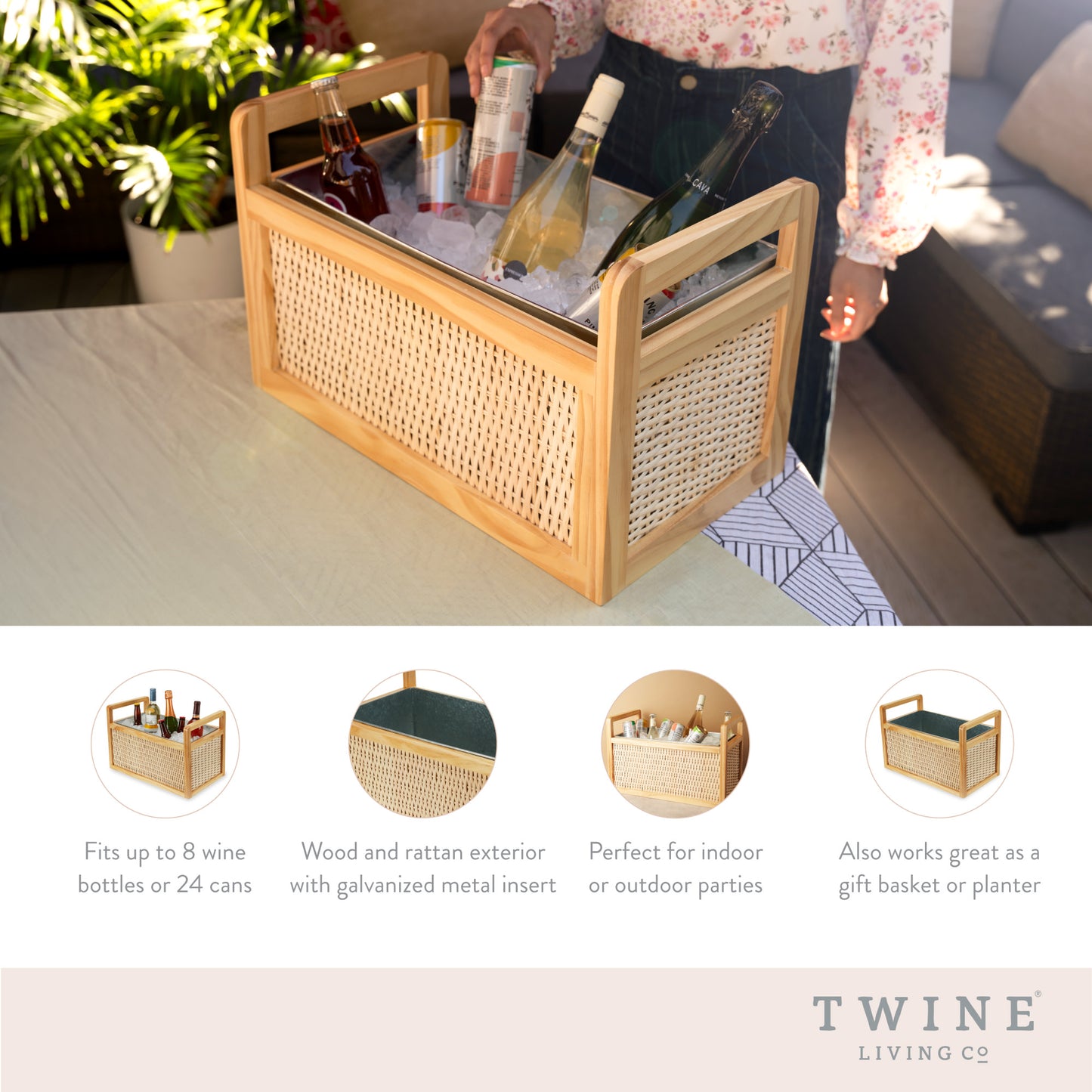 Rattan & Wood Beverage Tub by Twine Living™
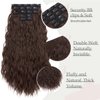 S-noilite 24" Clip in Hair Extensions 5PCS Loose Waves Wavy Hair Extensions Synthetic Thick Natural Hairpieces Double Weft Brown Hair Extensions Clip Ins for Women Full Head Long Hair Pieces,#04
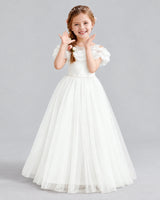 Ivory Ball Gown Flower Girl Dress Front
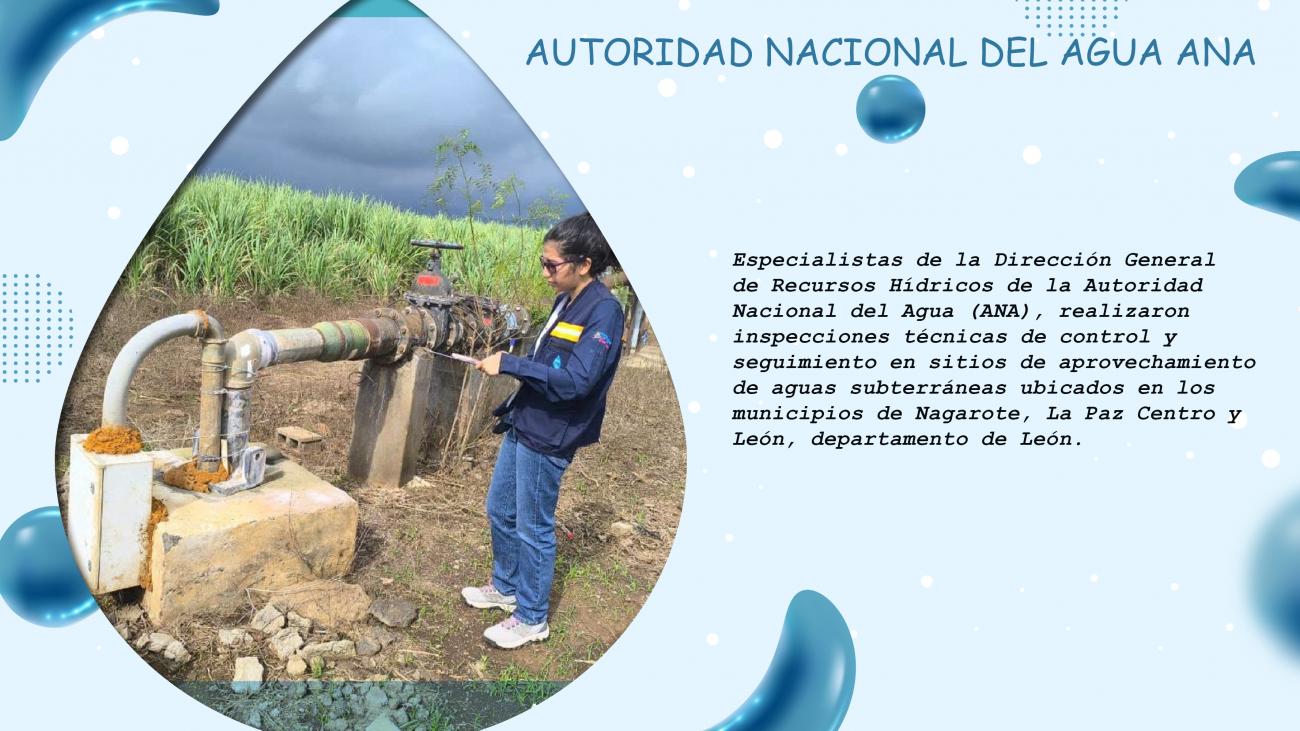 Inspección técnicas de control y seguimiento en sitios de aprovechamiento de aguas subterráneas ubicados en los municipios de Nagarote.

EXERCISE DESCRIPTION:
Retype the whole listing word for word. Skip the pictures.

EXERCISE SOLUTION:
 Rattan & Wood Beverage Tub by Twine Living™
 S-noilite 24" Clip in Hair Extensions 5PCS Loose Waves Wavy Hair Extensions Synthetic Thick Natural Hairpieces Double Weft Brown Hair Extensions Clip Ins for Women Full Head Long Hair Pieces,#04
 Ivory Ball Gown Flower Girl Dress Front
 Inspección técnicas de control y seguimiento en sitios de aprovechamiento de aguas subterráneas ubicados en los municipios de Nagarote.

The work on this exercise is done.